▶ What you have to do: Set down only these lines, exactly: the line containing "To My Dear Grandson Luxury Necklace From Grandma - grandson" and all lines through the end of the data below. Omit pictures.

▶ Given data:
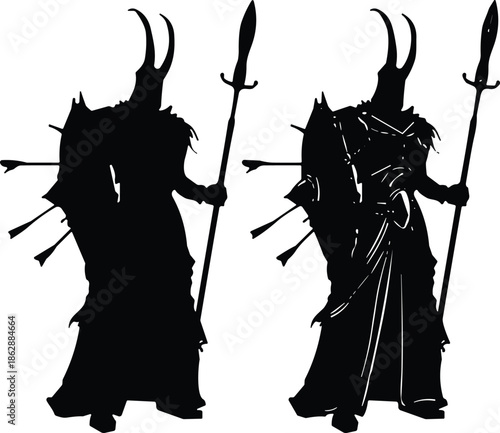 Tribal shaman warrior silhouette illustration holding staff and spear, ancient ritual character, mystical fantasy figure, black and white vector art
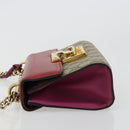 GUCCI GG Supreme Chain Shoulder Bag PVC Red Gold pink 409487 Auth ka4696-4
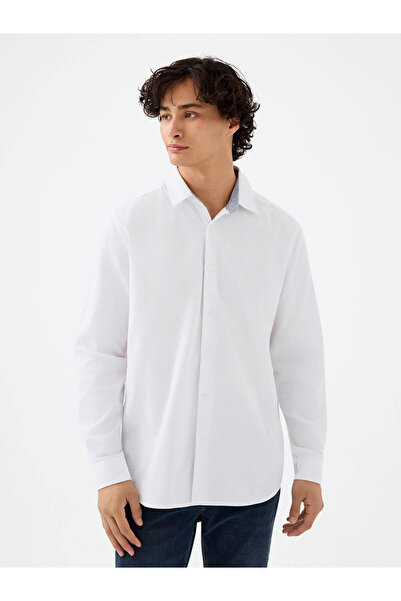 Loft قميص رجالي أبيض ذو قصة عادية Lf2036766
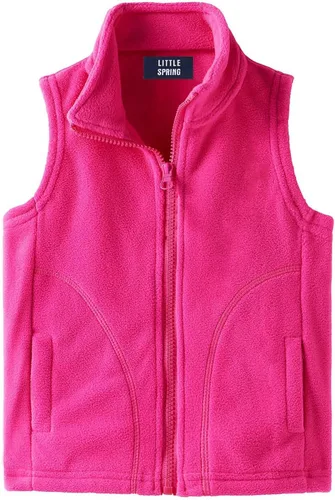 Vista 7 de LittleSpring Boys Girls Fleece Vest Sleeveless Jacket Full-Zip Fall Winter Warm Outerwear Negro
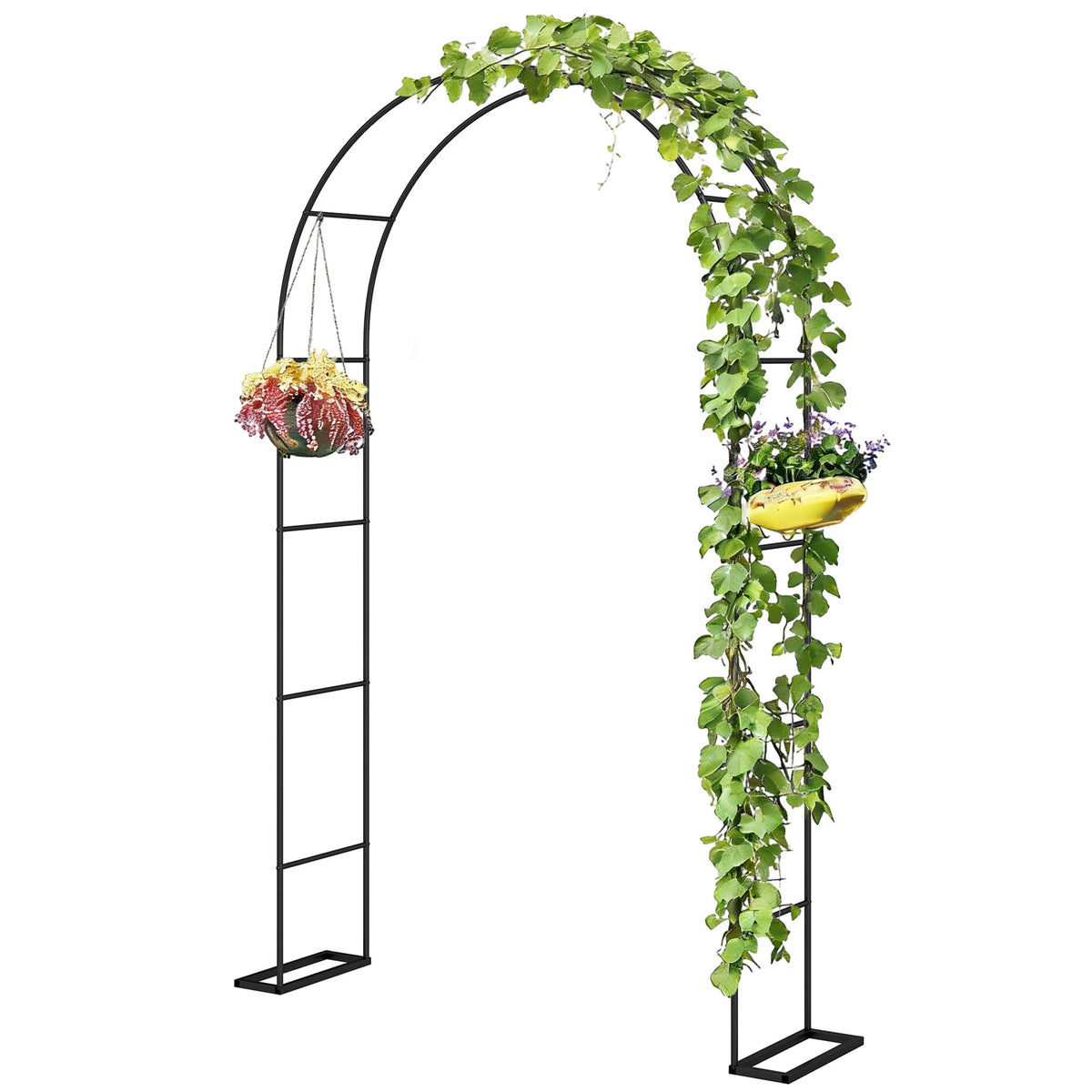 8 ft Steel Garden Arch Trellis with Base, Black — product view 2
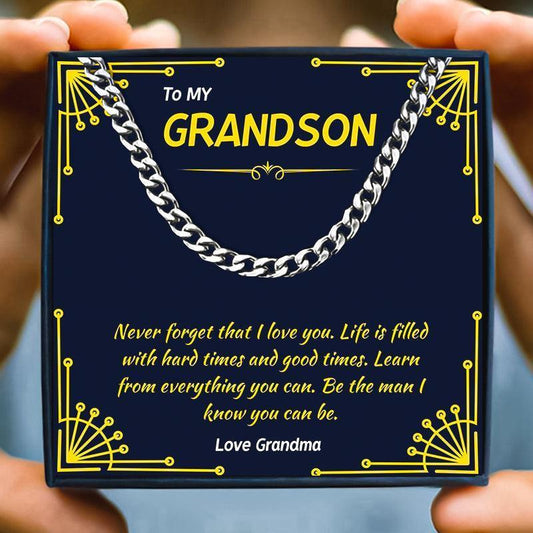 To My Dear Grandson Luxury Necklace From Grandma - grandson necklace - To My Dear Grandson Luxury Necklace From Grandma - Silver / 50cm / 5mm - by Hunny Life
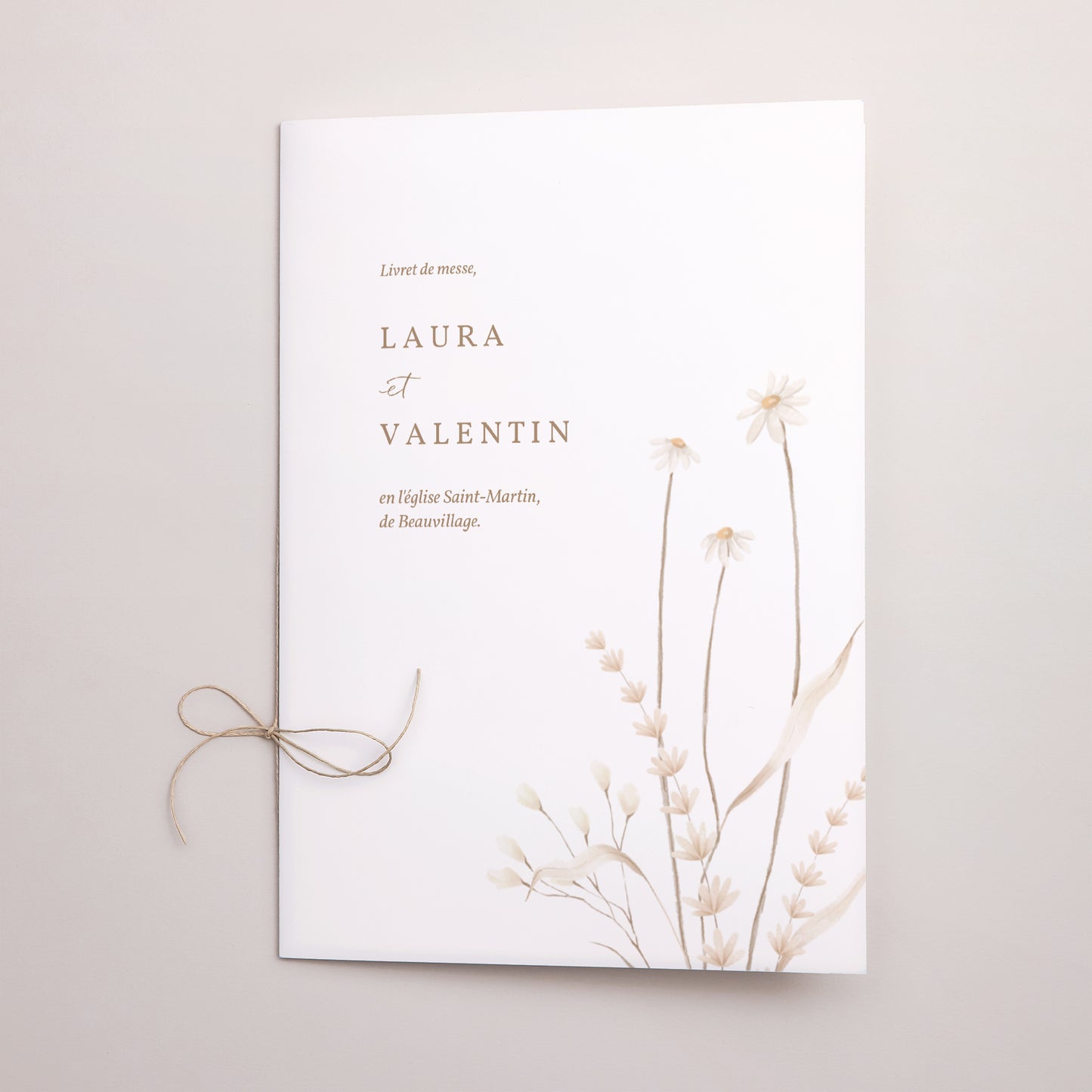 Livret de messe Mariage Double volet Fleurs sauvages photo N° 1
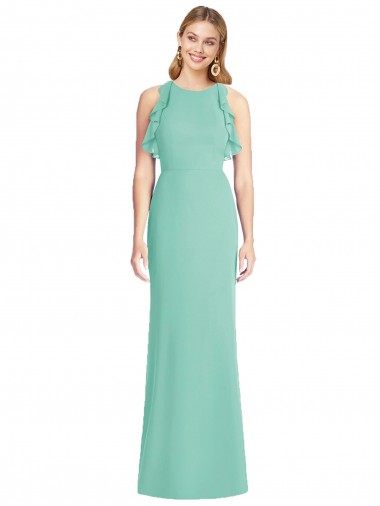 Soft Chiffon Jewel Neck Sleeveless Open Back Long Bridesmaid Dress Essex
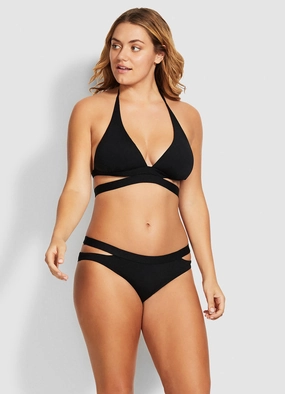 Active Split Band Hipster Bikini Pants - Black push up bikinis women, sporty womens bikini sets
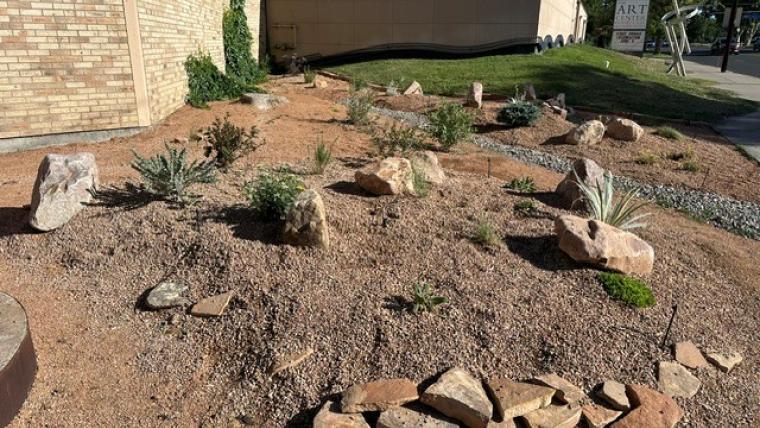 New landscaping along 7th Street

▶ Solution to this exercise:
 To My Dear Grandson Luxury Necklace From Grandma - grandson necklace - To My Dear Grandson Luxury Necklace From Grandma - Silver / 50cm / 5mm - by Hunny Life
 Livret de messe Mariage Double volet Fleurs sauvages photo N° 1
 Soft Chiffon Jewel Neck Sleeveless Open Back Long Bridesmaid Dress Essex
 Active Split Band Hipster Bikini Pants - Black push up bikinis women, sporty womens bikini sets
 New landscaping along 7th Street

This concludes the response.